Of course, I do not think that a consideration of the other related arts is sufficient to explain the revolutionary process that has taken place in modern painting. This process still retains an aspect of arbitrariness and an obsessive love of experimentation, although it is quite different from the kind of experimental method that first arose in the natural sciences. For there, an experiment represents a question that we deliberately put to nature so that she reveals her secrets to us. As far as painting is concerned, there is no question of conducting experiments in order to obtain the desired results. Here, experimentation finds adequate fulfillment in itself, as it were, since the experiment itself is the sole outcome. How can we come to terms intellectually with an art like this, which rejects any chance of understanding it in the traditional way.

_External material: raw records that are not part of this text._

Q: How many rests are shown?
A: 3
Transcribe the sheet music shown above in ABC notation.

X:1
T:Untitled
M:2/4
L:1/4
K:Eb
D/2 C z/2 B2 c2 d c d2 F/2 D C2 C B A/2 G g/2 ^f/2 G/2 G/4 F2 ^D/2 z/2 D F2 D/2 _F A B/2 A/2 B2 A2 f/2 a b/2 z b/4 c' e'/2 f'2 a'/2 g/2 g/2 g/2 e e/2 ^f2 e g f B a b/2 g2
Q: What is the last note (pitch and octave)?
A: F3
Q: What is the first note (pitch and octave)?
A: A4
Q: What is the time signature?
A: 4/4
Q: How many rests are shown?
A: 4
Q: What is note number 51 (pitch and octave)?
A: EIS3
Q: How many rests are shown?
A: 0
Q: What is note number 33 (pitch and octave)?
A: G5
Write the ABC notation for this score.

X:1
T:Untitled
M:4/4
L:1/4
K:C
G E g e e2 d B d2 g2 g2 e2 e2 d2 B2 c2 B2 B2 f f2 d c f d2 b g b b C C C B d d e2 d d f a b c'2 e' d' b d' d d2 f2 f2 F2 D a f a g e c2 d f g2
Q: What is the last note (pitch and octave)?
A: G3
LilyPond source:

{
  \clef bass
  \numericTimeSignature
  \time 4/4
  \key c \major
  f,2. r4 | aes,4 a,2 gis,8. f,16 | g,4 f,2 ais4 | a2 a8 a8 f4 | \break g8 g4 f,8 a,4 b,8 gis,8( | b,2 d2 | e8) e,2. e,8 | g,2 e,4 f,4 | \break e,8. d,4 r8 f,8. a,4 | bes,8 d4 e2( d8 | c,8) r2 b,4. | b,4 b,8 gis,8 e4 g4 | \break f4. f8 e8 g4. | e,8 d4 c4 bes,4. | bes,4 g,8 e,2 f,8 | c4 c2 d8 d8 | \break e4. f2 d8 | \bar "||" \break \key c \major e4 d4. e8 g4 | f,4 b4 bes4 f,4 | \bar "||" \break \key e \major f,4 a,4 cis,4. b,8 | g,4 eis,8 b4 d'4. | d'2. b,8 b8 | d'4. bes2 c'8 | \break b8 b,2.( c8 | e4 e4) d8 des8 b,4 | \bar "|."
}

First, we should not take the self-interpretation of the artist too seriously. We are not speaking against artists when we say this, but rather for them, since the claim implies that they must create in their own artistic medium. If an artist could express what he has to say in words, he would not wish to create and would not need to give form to his ideas. At the same time, it is inevitable that language, the universal communicative element that supports and holds together our human community, constantly awakens in the artist a need to communicate and express himself in words, to interpret what he is doing, and to explain himself to others. And, as we might expect, the artist thereby comes to depend on those who specialize in interpretation, such as aestheticians, philosophers, and all kinds of writers an art. If, like Arnold Gehlen, we take a work like Kahnweiler’s important masterly book on Juan Gris to represent the relationship between philosophy and art (and Kahnweiler is an excellent contemporary example), then we fail to see that here too the owl of Minerva only begins its flight with the falling of dusk. Kahnweiler’s subtle investigations represent the inspiration of the interpreter rather than that of the creator” (Gadamer 1998:92-93).
Gadamer, Hans-George
1998[1986] The Relevance of the Beautiful: And Other Essays. Robert Bernasconi, ed. Cambridge, UK: Cambridge University Press.